In other words, the conditions in which we are born, grow, live and work. Secure jobs. Fair pay. Decent housing. Safe streets. Clean air. Accessible transport. The time and affordable facilities to exercise and nutritious food.

These are the essential building blocks of a healthy life.

And that’s why this government is focused on economic growth and improving healthy life expectancy for all, while halving the gap in healthy life expectancy between different regions of England.

And it’s why reform of the health service is so important, because every pound we spend on the health service is a pound that can’t be spent on what you and I call the social determinants of ill health.

But what everyone else calls feeding hungry children, building warm homes and cleaning up our water and the air that we breathe.

The NHS has often been compared to an oil tanker that has immense capacity but is slow to change direction. Shifting the focus of our health service will be an immense task, and one that we can only accomplish with your help.

We’ve already been clear that we’re embarking on a decade of national renewal and that’s why we’re launching a 10 Year Plan.

Since coming into office, we’ve sought to reset the relationship with medics to improve working lives and restore value.

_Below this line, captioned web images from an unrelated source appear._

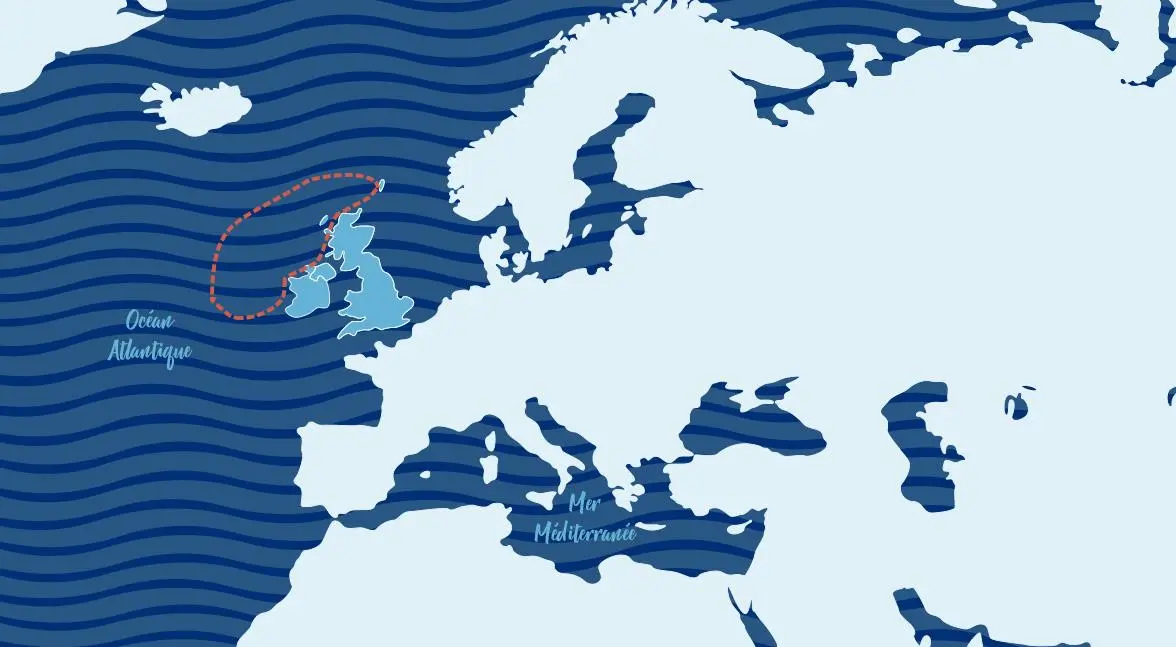 fonds-de-carte-LANGOUSTINE-1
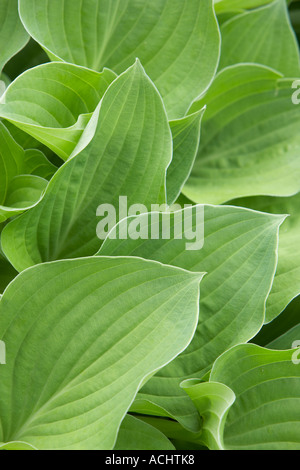 Holehird jardin Hosta Substance Banque D'Images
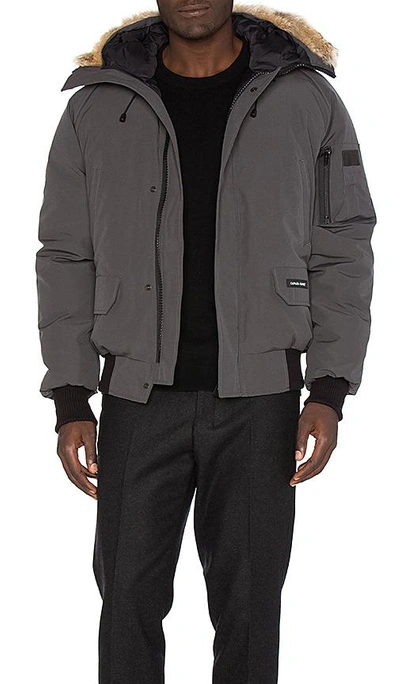 Shop Canada Goose Chilliwack Coyote Fur Trim Bomber In Charcoal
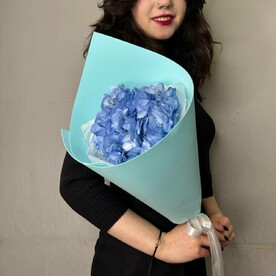 Нежный кулек с гортензией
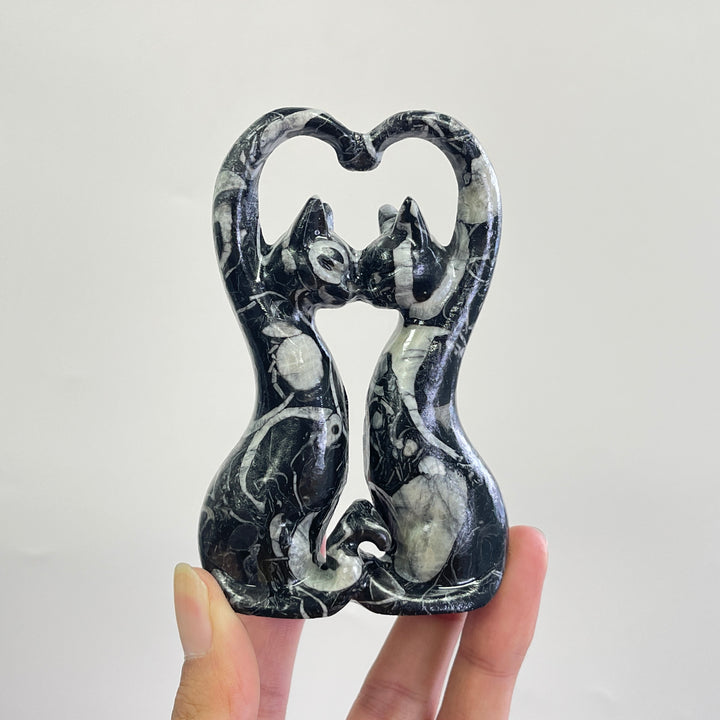 Natural Crystal Carving Shell Fossil Loving Couple Cats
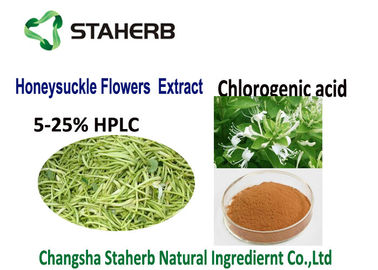 Porcellana Estratto acido clorogenico anti 50-90%HPLC infiammatorio CAS della pianta naturale 327 97 9 fornitore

This government was never going to be able to completely reverse a decade and a half of decline in only ten months, but this year’s pay awards, the second above inflation pay rise in a row, demonstrates our commitment to rebuilding the NHS and rebuilding the pay conditions and morale of all NHS staff.

When I joined the NHS 30 years ago, I saw the NHS at what I thought was the worst.

I remember later on working with the team at the Bristol Royal Infirmary on urgent care, discussing those awful trolley waits, coming into work every day, people trying to find a space or somewhere to discharge people from A&E, conversations that, sadly, are all too familiar again today.

But I also saw, especially in the years leading up to 2010, the pride people have when they’re working in an improving, well-run system.

When you’re able to go home at the end of the day, knowing that your patients received the best possible care and the pride, you know that you’re working at the top of your license as part of a team rebuilding a healthier Britain.

The NHS cannot be saved by one person sitting behind a desk in Whitehall.

We will only succeed if this is a team effort. From the Prime Minister to the 1.5 million people who work in the service, and the millions of us who use it to take decisions needed to lead healthier, more active lives.

Turning the NHS around will take time.

It really won’t be easy, but the prize, the prize available to us is huge and if we get this right, we will be able to say that we were the generation that took the NHS from the worst crisis in its history, got it back on its feet and made it fit for future generations.